The ongoing ICC Women’s World Cup is a great opportunity for the Indian team to emerge champions for the first time. Playing on home ground with partisan support should bring joy and a spark to the players.

It has also been three seasons of the Women’s Premier League, and as that T20 tournament has grown, women’s cricket in India has grown with it, giving young players the opportunity to work and play in elite environments alongside the best players from around the world. Add those players — women such as Richa Ghosh, Kranti Goud and Sneh Rana — to veterans such as Smriti Mandhana, Harmanpreet Kaur and Jemimah Rodrigues, who are among the best in the world, and this team are clear contenders for the title.
Over the past decade, women’s cricket has truly raised itself from a sport struggling to survive (with barely any funding, a dismal lack of games, and a socially unconscionable gender divide where it would be hard to find an Indian boy who has never played cricket, and almost as hard to find a girl who has) to a sport with a large and loyal following, the beginnings of funds and infrastructure befitting its stature, easily recognisable stars, and plenty more playing opportunities from the grassroots all the way to the Premier League.
This change has been well-documented, but what about the early years of women’s cricket in India? It is perhaps revealing that there exist almost no records of the first women’s Test series played here (except for the scorecards).

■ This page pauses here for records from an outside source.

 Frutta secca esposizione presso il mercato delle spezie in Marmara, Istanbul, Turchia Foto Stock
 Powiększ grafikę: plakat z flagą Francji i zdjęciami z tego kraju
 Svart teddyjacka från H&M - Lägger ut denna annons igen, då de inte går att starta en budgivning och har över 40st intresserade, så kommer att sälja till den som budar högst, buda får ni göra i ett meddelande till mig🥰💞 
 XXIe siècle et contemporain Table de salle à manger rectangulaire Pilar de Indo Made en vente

That Test was played in 1976, when West Indies came touring. For the first three matches, India tried out three different captains: Ujwala Nikam and Sudha Shah, both teens at the time, and Sreerupa Bose, then 25. There are no interviews or anecdotes to be found about any of them; just some cricketing stats.

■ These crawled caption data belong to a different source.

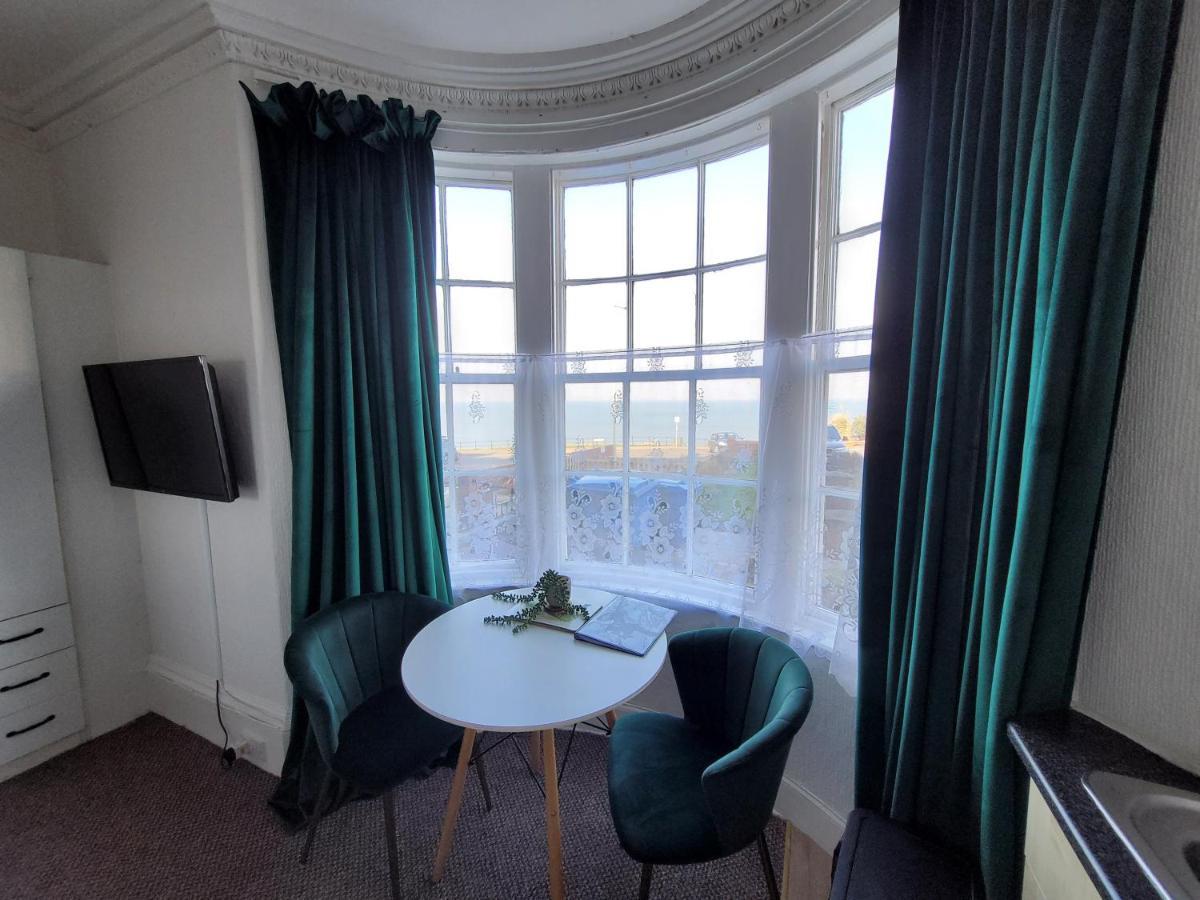 Apartment Seaview Ground Floor Flat Fast Wifi & Free Parking *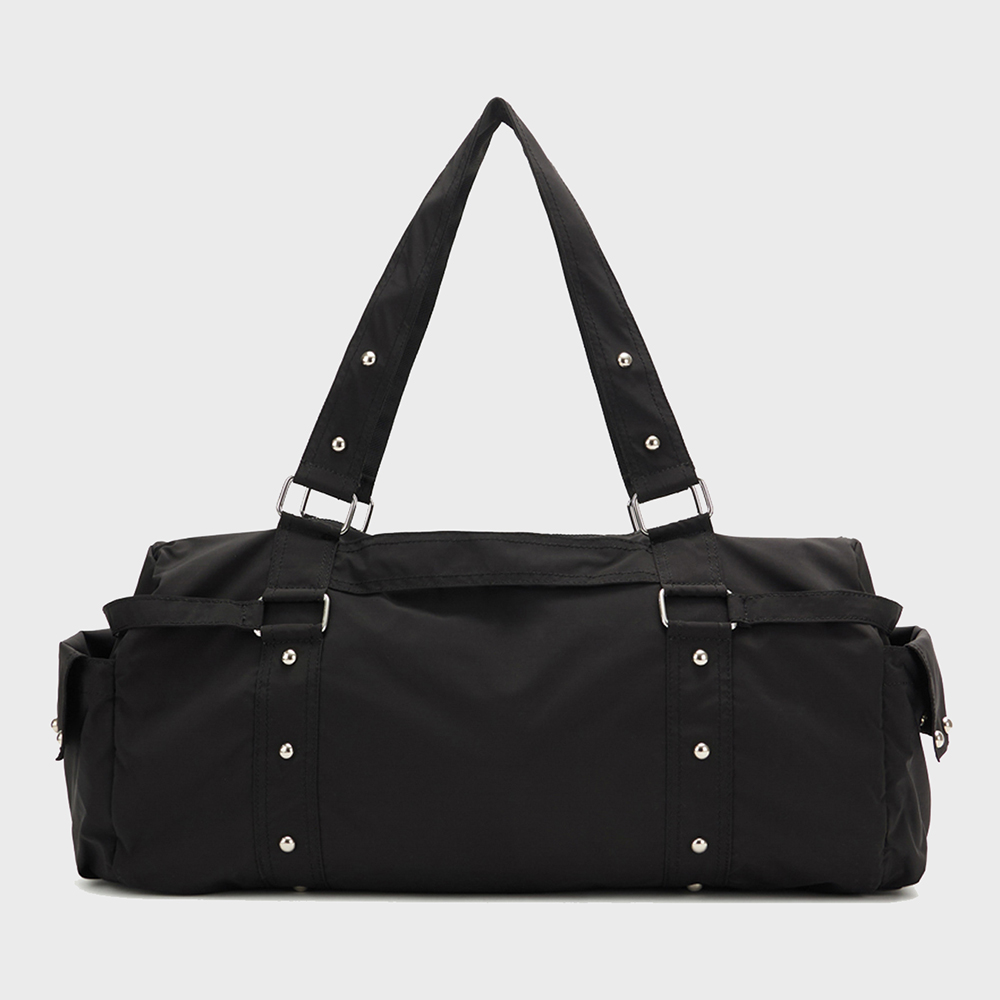 [DEINET] ★ DEINET LOGO DUFFLE BAG In June, with our DEINET friends 💅💖 1. @sungziyoung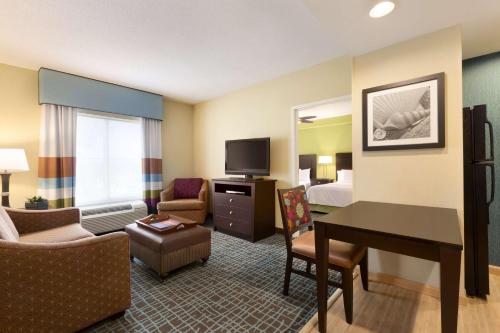 Homewood Suites Fort Myers Airport - FGCU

Yet the Tests were very well-attended. Each of the six matches, held in six different cities, saw stadiums nearly full. When India won the fourth Test (the only result in six games, so that win also decided the series) in Patna, there were crowds lining the road all the way from the stadium to the team hotel. The women players even eventually came out onto their balconies to acknowledge the crowds, such was the joy of that first victory.
Shantha Rangaswamy, who was then 22 and captained the team in Patna, went on to captain India for a few years with distinction, and is one of the few women players of that generation who is remembered and honoured.
One of seven daughters raised by a single mother, Rangaswamy grew up in a joint-family home where the courtyard’s main purpose was to serve as a cricket ground. “There were no men in the family, and my mother would say to us, ‘You will have to stand for yourself’,” she once told journalist (and HT columnist) Sharda Ugra in an interview.
In those early years, and unfortunately for many years afterwards, the cricketers did everything themselves. Rangaswamy went on fundraising campaigns, pushed administrators to organise matches, oversaw the procurement of cricketing gear, haggled for practice space, negotiated for jobs for her teammates, booked train tickets, and more.
There are so many wonderful stories waiting to be told about India’s pioneering women players. As our current team hope to win the sport’s biggest prize and begin a new era for women’s cricket in the country, let’s take a minute to salute the young women who laid the ground for this phase, in a very different world, all those years ago.